One of my favorite genealogy research tools is something that can produce amazing results – - haunting used bookstores online. That’s where I’ve found incredible family tales that add flesh and blood to the names. The story I like best, hands down, is the one about how an ancestor shot a stove instead of a buffalo. You gotta love it.
One January, after writing about Moravian research in North Carolina, I went back to the online bookstores, in case there was a book that might be of help.
Instead of a book, I found a copy of a term paper written back in the 1930s that mentioned my own family. The term paper, in turn, had a bibliographic reference to The Moravians in North Carolina, originally published in 1857, reprinted in 2002 and 2010. These two reference works helped me learn more about the early Moravian settlements, as well as the cemetery where two of my family were buried.

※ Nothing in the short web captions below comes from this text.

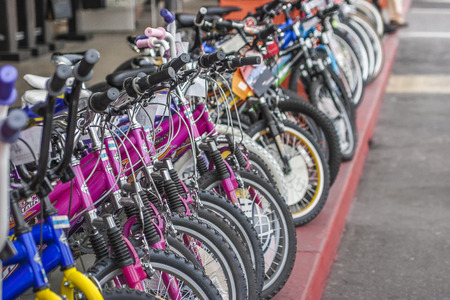 Bycycles in line, store front, sport.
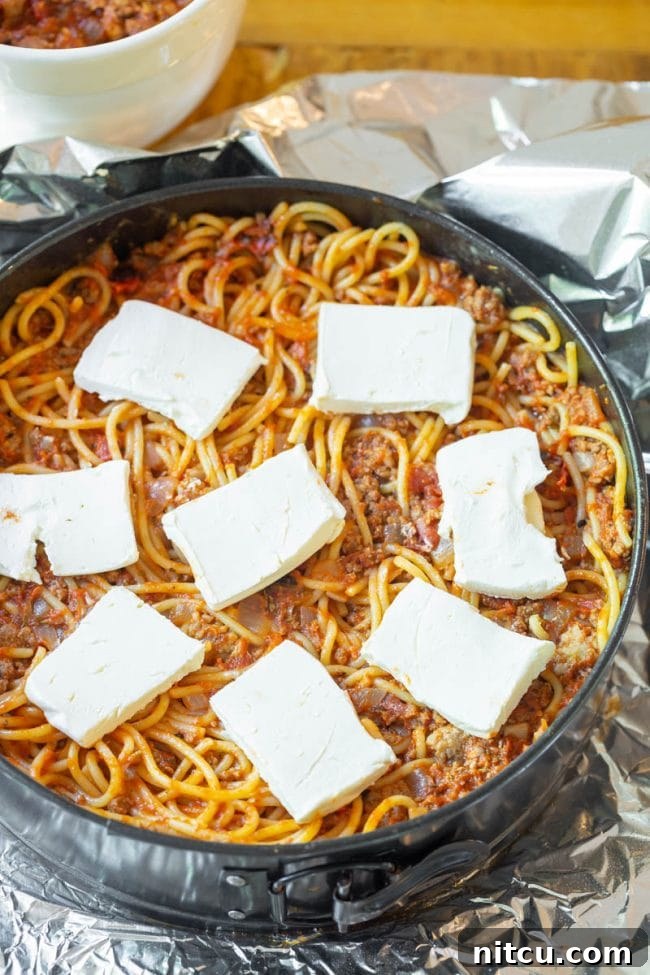Cooked spaghetti being mixed with meat sauce.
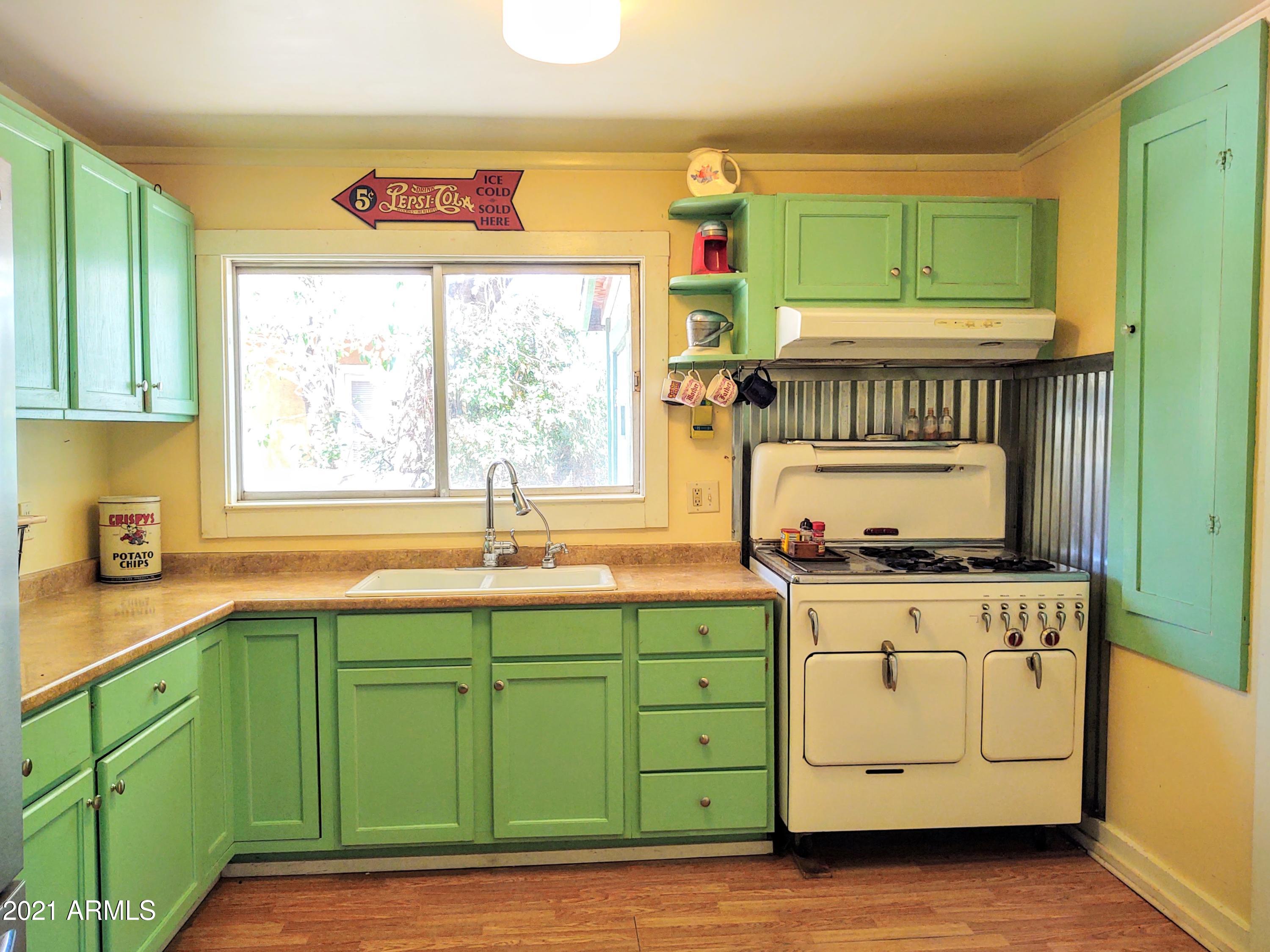 32 Old Douglas Road Bisbee, AZ 85603 - Photo 4 of 16 a kitchen with a sink wooden cabinets and a large window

Since I don’t live anywhere near the places many of my ancestral lines sprouted, being able to track down these locale-specific books online has been a blessing.

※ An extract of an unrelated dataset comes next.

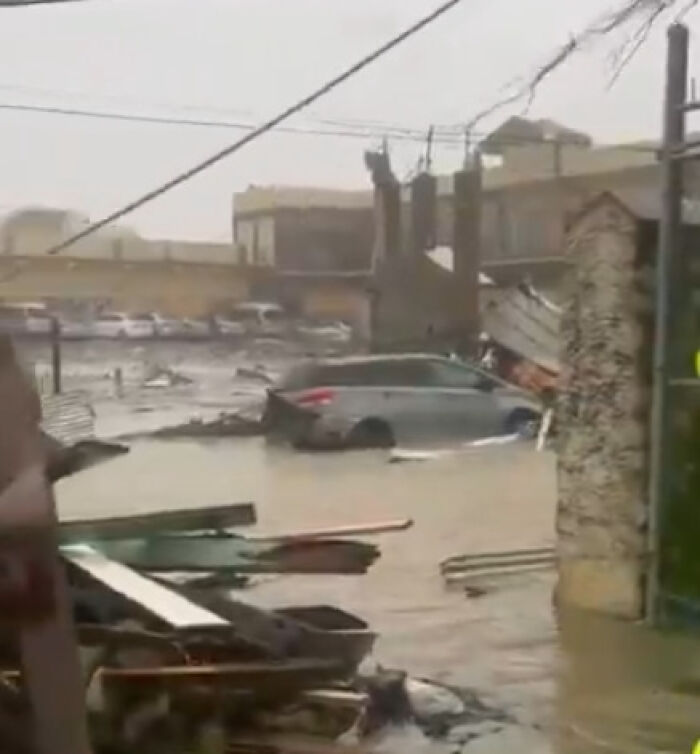 Flooded street with damaged cars and debris showcasing Hurricane Melissa devastation across Jamaica. Flooded street with damaged cars and debris showcasing Hurricane Melissa devastation across Jamaica.
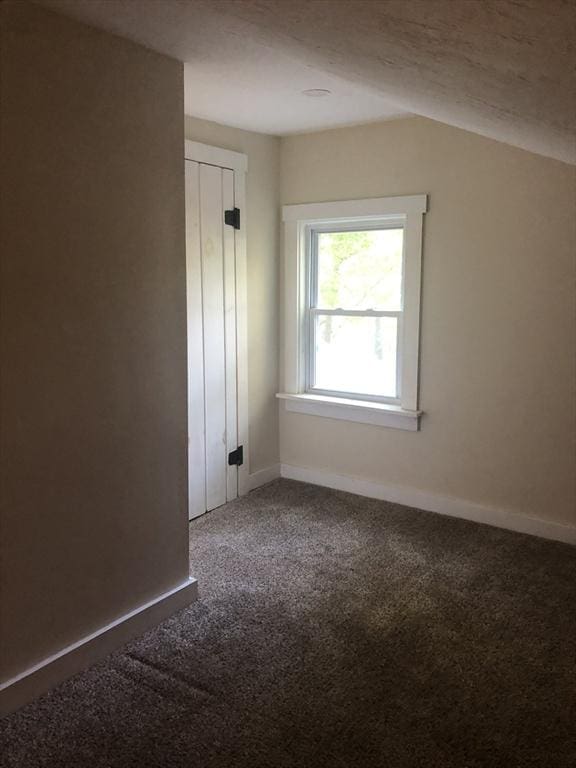 31 Benham St, Orange, MA 01364 - carpeted empty room featuring baseboards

Old books—particularly those that detail the history of a town, village, or county—are priceless additions to your genealogy library. Even if your family isn’t mentioned, the old histories provide an amazing amount of insight into your family’s life and times.
Where to Find Genealogically Significant Used Books?
So, where do I find these treasures? My first stop on a Saturday afternoon’s browsing is always Abebooks , an umbrella organization representing thousands of independent booksellers from around the world. Use the onsite search engine to track down a book by author, title, or keyword. By the way—if you’re not sure a book even exists, try an advanced search for terms like “Hendrickson genealogy,” “Wilken family tree,” or “Shelby Indiana history.”
If you’re a U.S. researcher, don’t discount international bookstores—I’ve found two of my more precious historic books on the frontier West at U.K. booksellers.